These previous blog entries are also related to Algebra.

Long division in Algebra - here
Quadratic equations - here
Using Algebra to solve problems - here
Some notes on an algebra test we did, with common pitfalls - here

Feedback on Paper 2 Mini-mock

Overall the results on paper 2 were lower than for paper 1 ... what is it about co-ordinate geometry?

Going through the questions one by one :

The trigonometry question required you to use the table (that I wrote up on the board) that is in the maths tables book. There you see that the angle whose tan = 1 is the angle π/4 i.e. 45º
Then you go to your CAST circle and count 45º as your reference angle in each of the 2 quadrants where Tans are negative.

The geometry part a) question was well answered in general - just check that you are looking at the correct angles e.g. |<opq|

The co-ordinate geometry question went a little haywire for some. In part (i) you were told that the point (-1,h) was on the line 3x - 4y + 7 = 0.
This means that 3(-1) - 4(h) + 7 must be = 0 so write it as
3(-1) - 4(h) + 7 = 0
and solve. Then you get the full co-ordinates of this point - (-1, 1).
Part (ii) involved simultaneous equations. Note that a simultaneous equations don't necessarily always work out evenly, but simultaneous equations in co-ordinate geometry almost always will.
Part (iii) said to show the 3 points and two lines on a coordinate plane. If you are asked to do this, make sure that you show all the points and lines you are asked for. Some students joined p and q, forming a triangle. This wasn't part of the question. When you are drawing a coordinated plane, use a pencil and make sure that the scales on the X- and Y-axes are even and equal.
Part (iv) required you to find the slopes of each line and prove that their product was -1.

The theorem was poorly answered. Nobody got full marks. Many didn't even attempt it. Don't leave it blank in your exam. You get attempt marks (6 out of 20) for just demonstrating that you get the gist of it. As I said when we studied this theorem before the mocks, the trickiest part is figuring out which facts you are allowed to assume (in this case it is that a line which is parallel to one side of a triangle divides the other two sides in the same ratio) and facts which you have to establish (that the line you constructed is parallel, and you do this by proving SAS congruence).
No matter how elusive the subtleties of a theorem may be, there is no excuse for not writing down, Given: To prove: Construction: and Proof: along with a diagram.

The question on volume of a cone was reasonably well attempted - but there was one glaring recurring error.
The 2nd cone had height = 2x and radius = 1.5x
So the total volume was
1/3 π r² h
= 1/3 π(2x)²(1.5x)
= 1/3 π4x²(1.5x)
= 1/3 π6x³
= 2x³π
Even in the middle of the perimeter area and volume question, you need to know your algebra.
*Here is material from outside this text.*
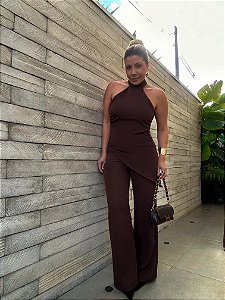 Conjunto Alfaiataria Assimétrico Rebeca Marrom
Finally the statistics question was pretty well answered. Use a pencil for the graph, make the scales even and mark the points of your graph carefully - some students are getting a bit sloppy here, so don't get into bad habits.

We will go over these and other Paper 2 issues tomorrow. Line up any questions you may have for our last 2 classes.

Feedback on Paper 1 Mini-mock

I have just finished correcting this.

Most students handled the long division very well.

However most students failed to write 44100 as a product of its prime factors. Look back in the early chapters of the yellow book for how to do this.
Prime numbers are 2,3,5,7,11 etc
Start dividing 44100 by primes,
2 ⌊44100
2 ⌊22050
3 ⌊11025
3 ⌊3675
etc
Then list all the factors as 2x2x3x3x5.... etc

The scientific notation was well done.

The tax question could have been better laid out in a few cases. Make sure that you don't just write down a jumble of numbers. Also, check what you are asked for: in this case it was net income, not net tax.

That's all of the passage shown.